The new "non-masking" algorithm exploits some little tricks (explained in 34. A good compromise) to provide arbitrarily long checksums while using "only" a generator running on 26 bits (with a period of 2^51, or 2.251.799.813.685.248). When using 32-bit registers, it provides a baseline checksum of 32 bits and the extended result can bring the full checksum to 64 bits.
This is appropriate for the (non-crypto) signature of files for example.
The input data is mixed in chunks of 16 bits only because the generator has only 26 bits. Mixing larger chunks would not make as much sense in corner cases, such as when reading long sequences of constant data.

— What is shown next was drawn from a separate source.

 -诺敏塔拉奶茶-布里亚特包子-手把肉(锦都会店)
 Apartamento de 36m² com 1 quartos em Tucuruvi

The 2 new XOR gate increase the computation cost slightly but it's still far from a comparable CRC32 with or without tables for example. And the source code is inherently more portable than the earlier versions that rely on supporting the hardware carry signal.
// The original lovely but masking algo: C += X + Y; // ADC Y = X + M_; X = C & PISANO_MASK; C = C >> PISANO_WIDTH; // The new non-masking algo: Cu += Xu + Yu; // ADC p = Xu ^ Yu; Yu = Xu + M_; Xu = Cu; Cu = ((p ^ Cu) >> PISANO_WIDTH) & 1; // ROL 6
The "masking" algo is amazingly short and beautifully efficient but limits the number of useful/used bits to 26×2. This means that only 0.05% of the available coding space is used. Not wasting these bits is worth a few extra instructions, I think, unless a better/higher number than 26 is found.
The Xu = Cu line will be removed by more advanced, unrolled versions of the code where variable renaming optimisations are possible.